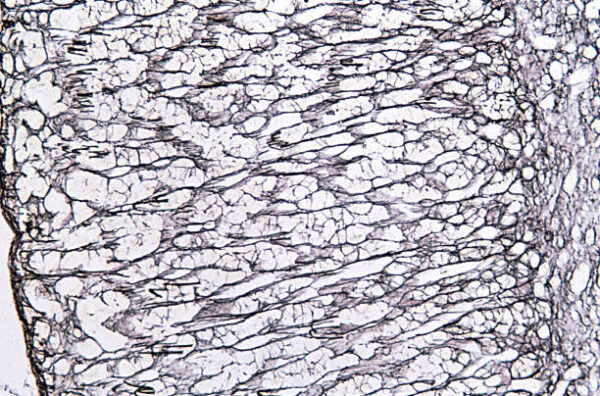 ¿Qué son las fibras reticulares del tejido conjuntivo?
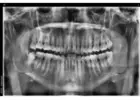 Transform your smile and appeal with steadfast Cosmetic dentist in Tijuana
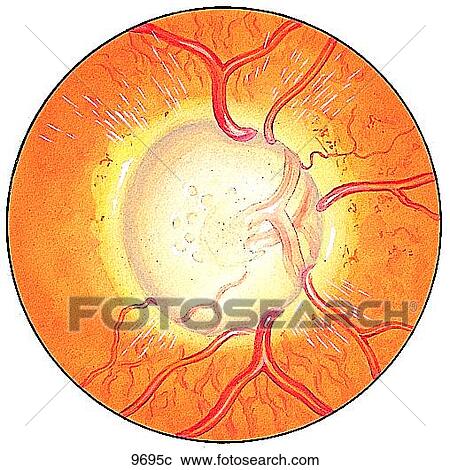 Clipart - Glaucoma Unlabeled. Fotosearch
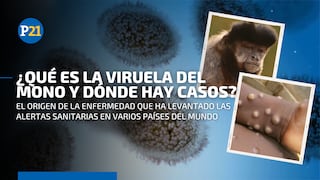 Viruela del mono: lo que se sabe hasta el momento de esta extraña enfermedad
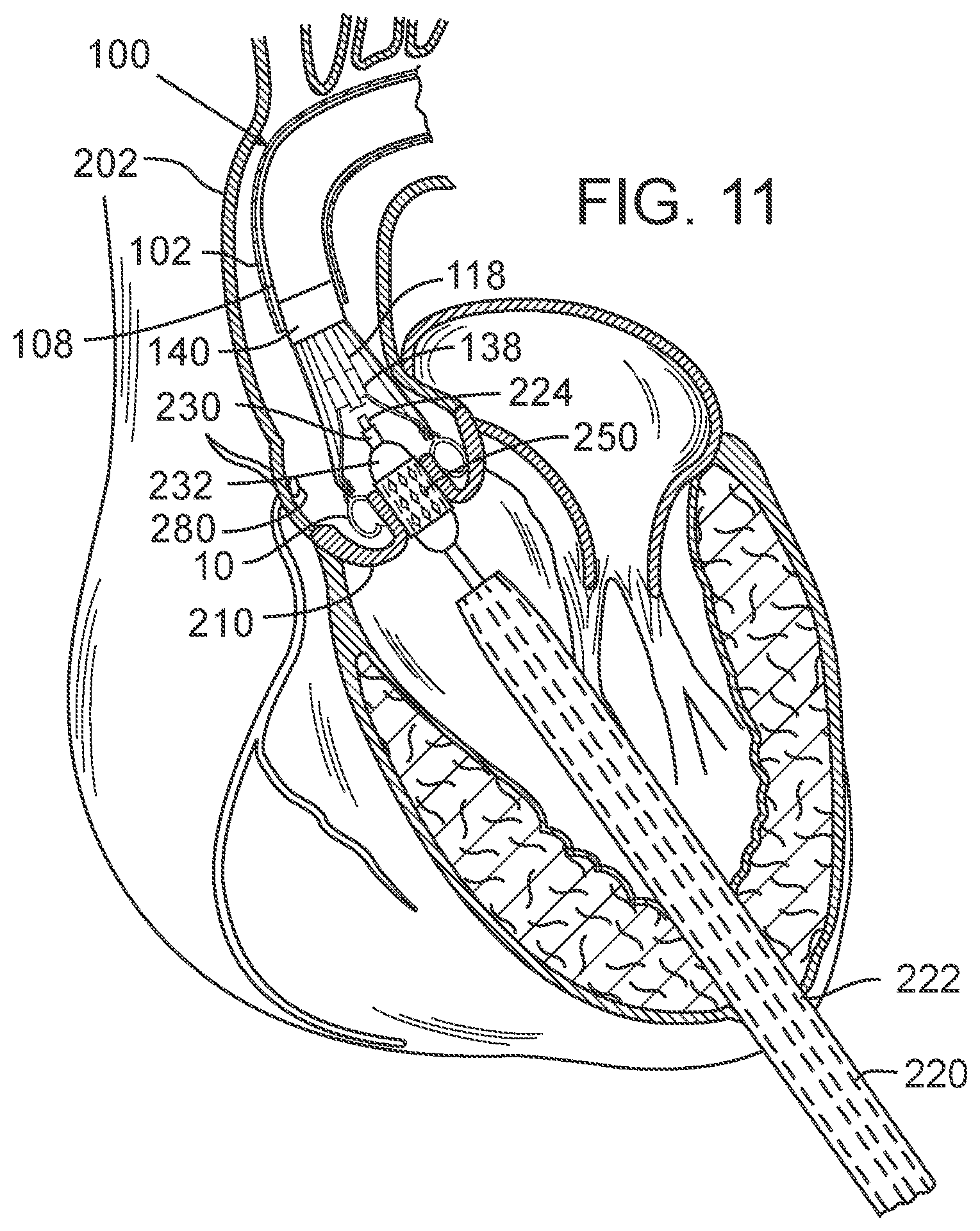 Patent US12090050 Figure 7 – Method for delivering a support member to a native heart valve
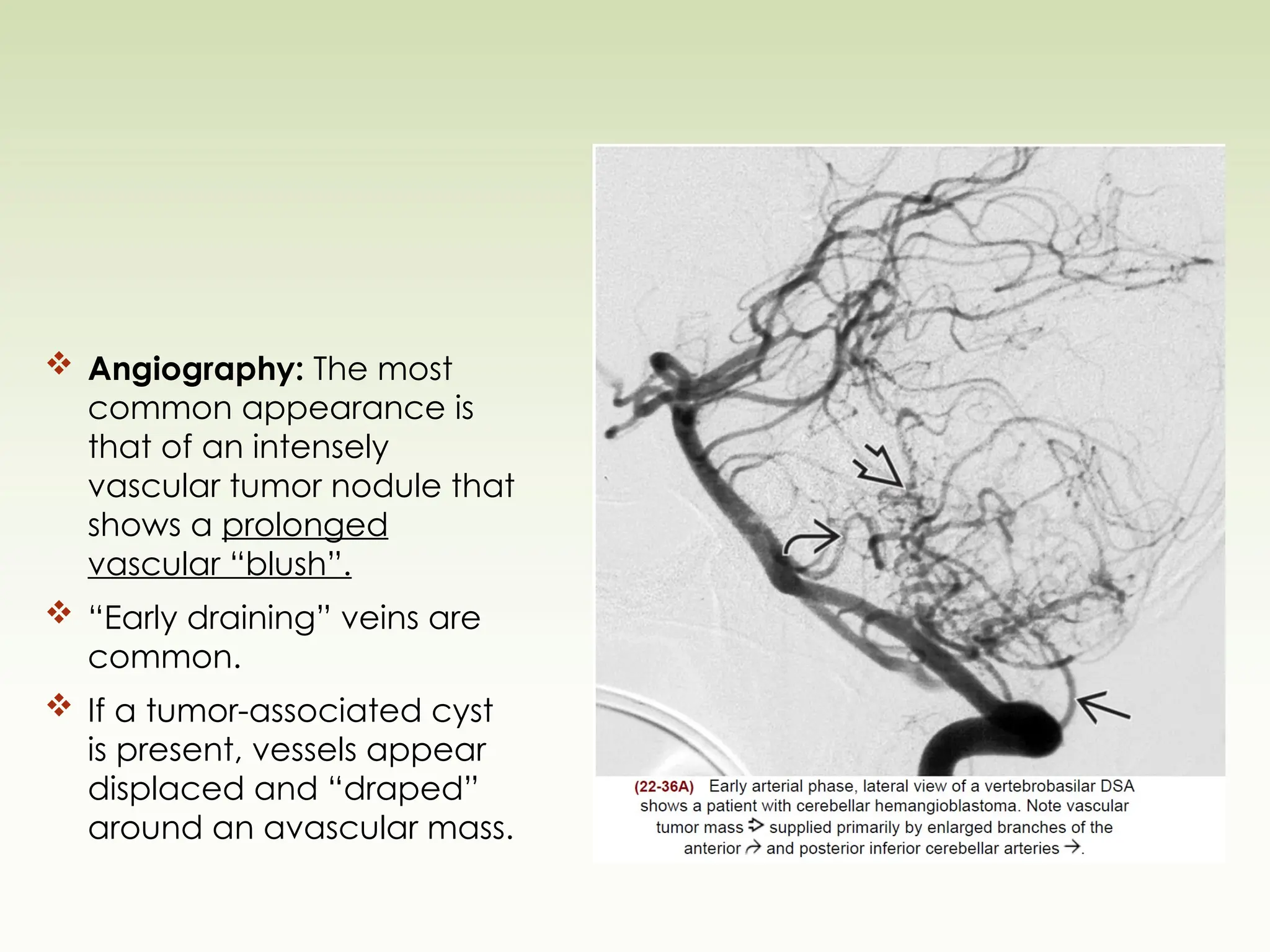  Angiography: The most
common appearance is
that of an intensely
vascular tumor nodule that
shows a prolonged
vascular “blush”.
 “Early draining” veins are
common.
 If a tumor-associated cyst
is present, vessels appear
displaced and “draped”
around an avascular mass.
 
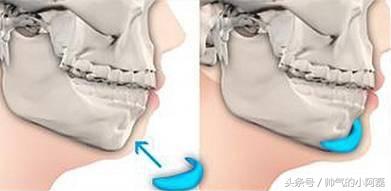 玻尿酸微整形丰下巴多少钱一针,下巴微整形要多少钱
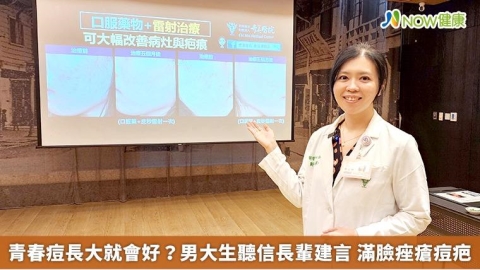 青春痘長大就會好？男大生聽信長輩建言 滿臉痤瘡痘疤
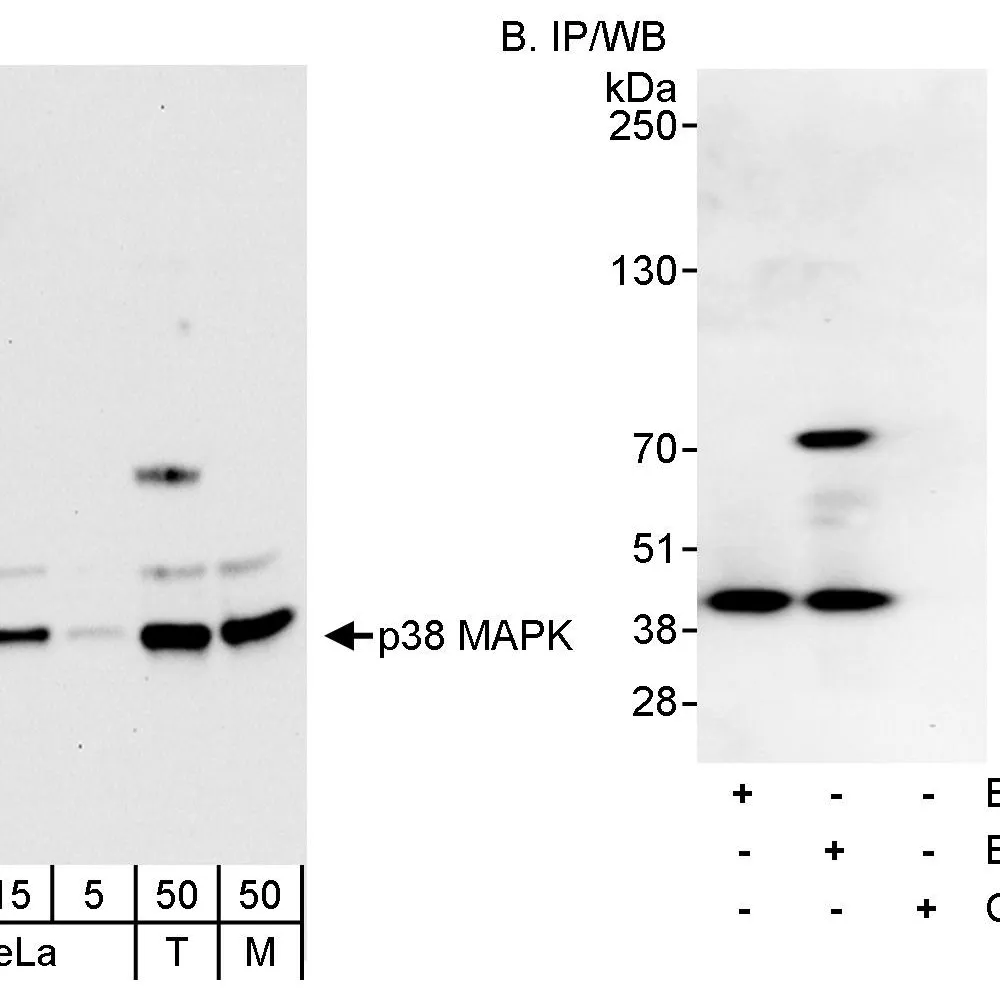 Rabbit anti-p38 MAPK Antibody, Affinity Purified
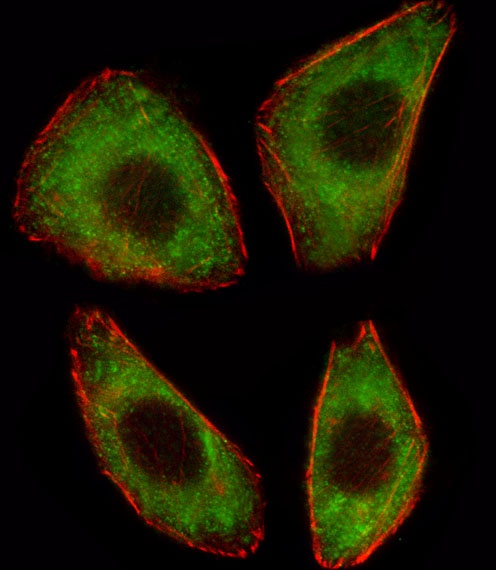 TCF25 Antibody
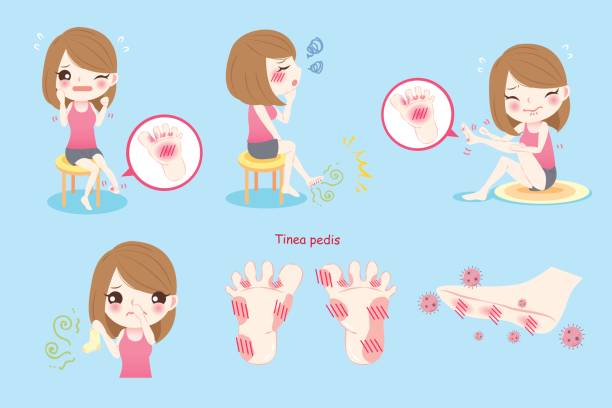 woman with tinea pedis woman feel pain with tinea pedis on blue background tinea stock illustrations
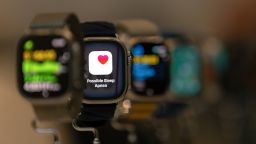 Your Apple watch may be able to alert you to sleep apnea. Here's what it means if you get that notification and what you should do next.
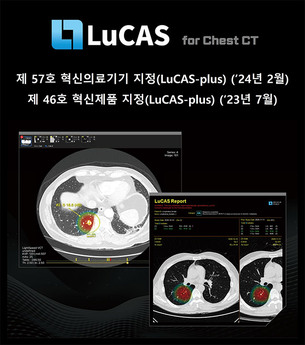 모니터코퍼레이션, AI 폐암 진단 솔루션 ‘LuCAS Plus’ 혁신의료기기 지정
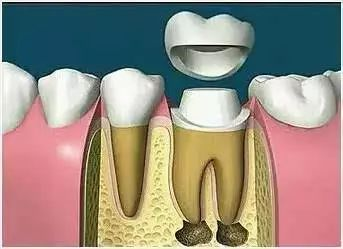 Steps for oral root tube treatment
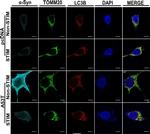 Rabbit IgG (H+L) Cross-Adsorbed Secondary Antibody in Immunocytochemistry (ICC/IF)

> **Action item**:
Exactly as written, repeat the lines from the beginning of the entries up to and including the line with "TCF25 Antibody", but not the pictures.

> **Final answer**:
 ¿Qué son las fibras reticulares del tejido conjuntivo?
 Transform your smile and appeal with steadfast Cosmetic dentist in Tijuana
 Clipart - Glaucoma Unlabeled. Fotosearch
 Viruela del mono: lo que se sabe hasta el momento de esta extraña enfermedad
 Patent US12090050 Figure 7 – Method for delivering a support member to a native heart valve
  Angiography: The most
common appearance is
that of an intensely
vascular tumor nodule that
shows a prolonged
vascular “blush”.
 “Early draining” veins are
common.
 If a tumor-associated cyst
is present, vessels appear
displaced and “draped”
around an avascular mass.
 
 玻尿酸微整形丰下巴多少钱一针,下巴微整形要多少钱
 青春痘長大就會好？男大生聽信長輩建言 滿臉痤瘡痘疤
 Rabbit anti-p38 MAPK Antibody, Affinity Purified
 TCF25 Antibody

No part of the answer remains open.